• DATASET ENTRIES:
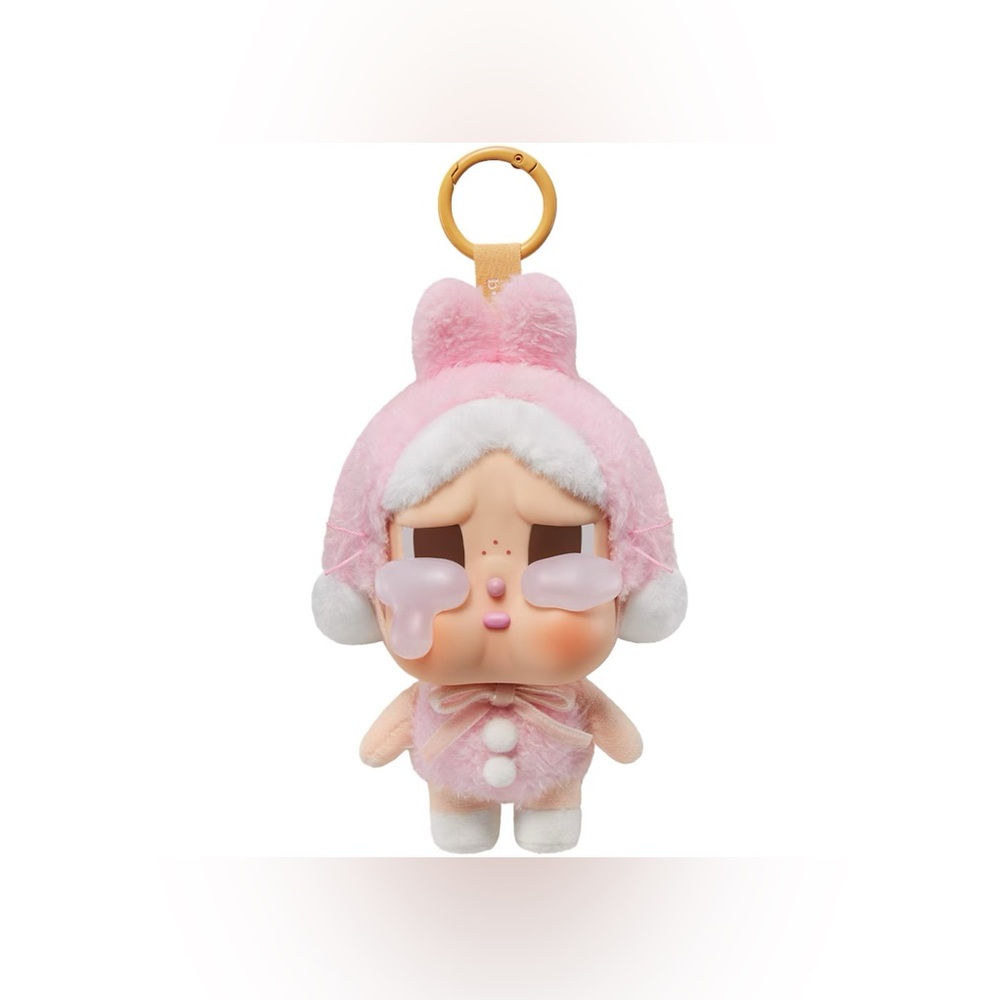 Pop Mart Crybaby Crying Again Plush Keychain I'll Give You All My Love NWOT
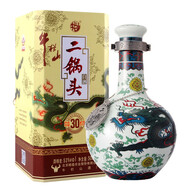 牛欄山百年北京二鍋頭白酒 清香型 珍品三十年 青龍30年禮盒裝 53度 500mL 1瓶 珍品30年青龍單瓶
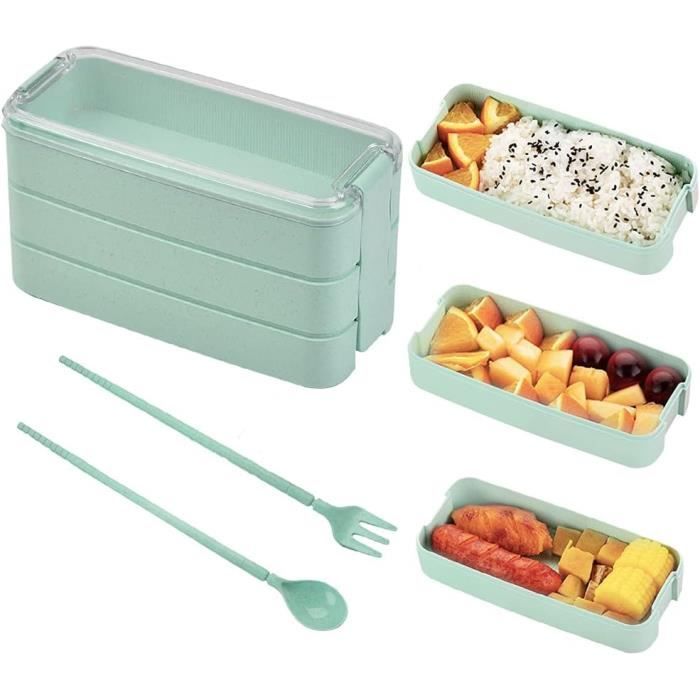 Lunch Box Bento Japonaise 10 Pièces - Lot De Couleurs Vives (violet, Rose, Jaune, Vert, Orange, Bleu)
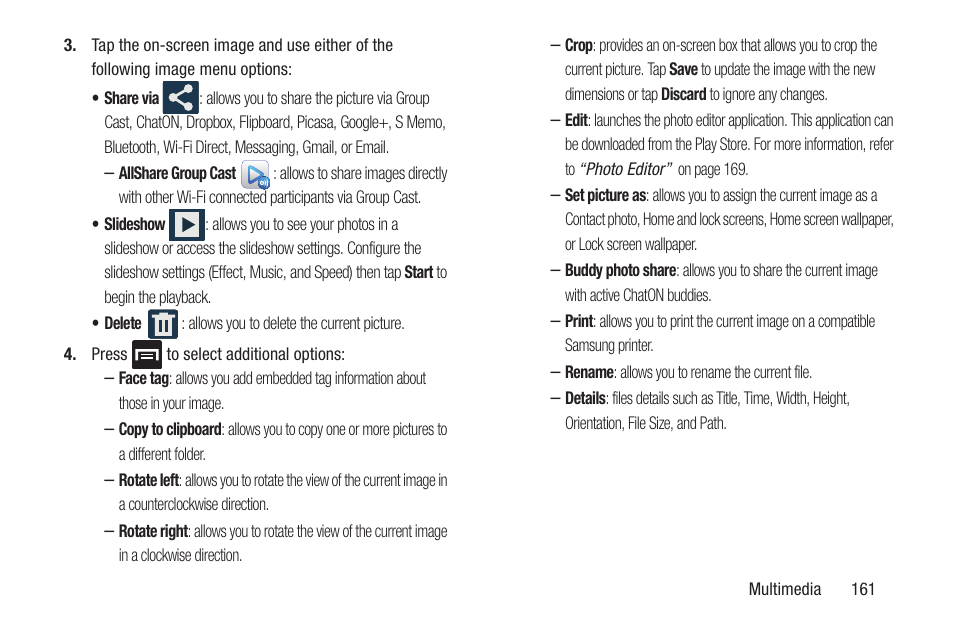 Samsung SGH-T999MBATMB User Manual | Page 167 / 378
---
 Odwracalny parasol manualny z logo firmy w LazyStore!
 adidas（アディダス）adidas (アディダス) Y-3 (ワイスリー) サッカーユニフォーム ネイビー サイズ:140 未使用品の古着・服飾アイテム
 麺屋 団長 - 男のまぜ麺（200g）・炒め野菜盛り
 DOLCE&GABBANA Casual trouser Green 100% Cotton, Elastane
...
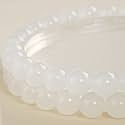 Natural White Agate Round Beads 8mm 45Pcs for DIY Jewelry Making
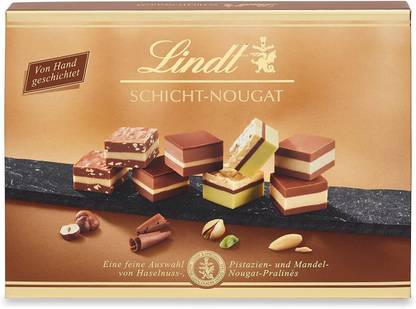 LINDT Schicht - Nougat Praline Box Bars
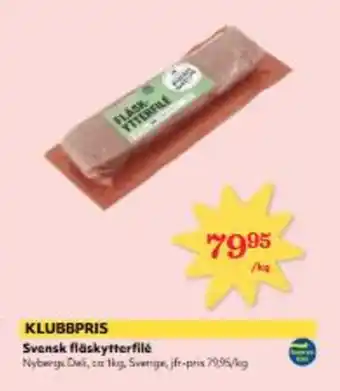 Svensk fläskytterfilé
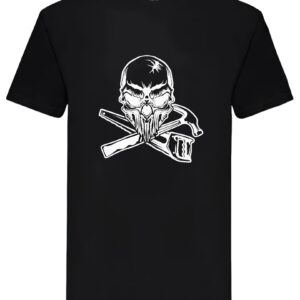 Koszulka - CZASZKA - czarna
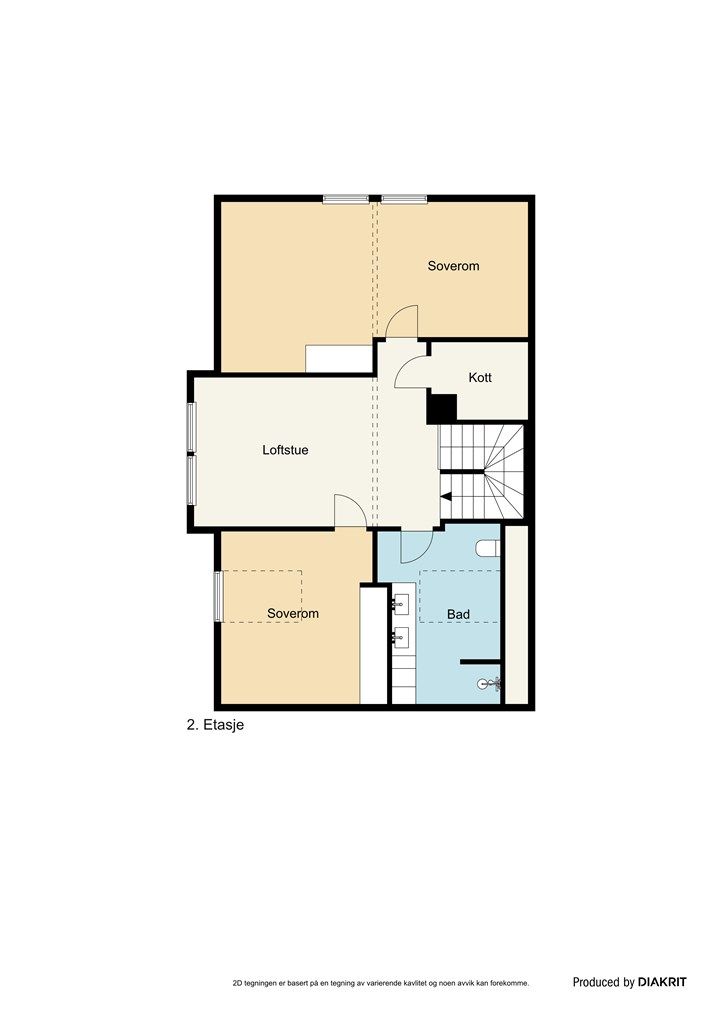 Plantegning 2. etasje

• EXERCISE DETAILS: Copy verbatim, from the listing above, each line from the one containing "麺屋 団長 - 男のまぜ麺（200g）・炒め野菜盛り" down to the one containing "DOLCE&GABBANA Casual trouser", inclusive.

• RESULT FOR THIS EXERCISE:
 麺屋 団長 - 男のまぜ麺（200g）・炒め野菜盛り
 DOLCE&GABBANA Casual trouser Green 100% Cotton, Elastane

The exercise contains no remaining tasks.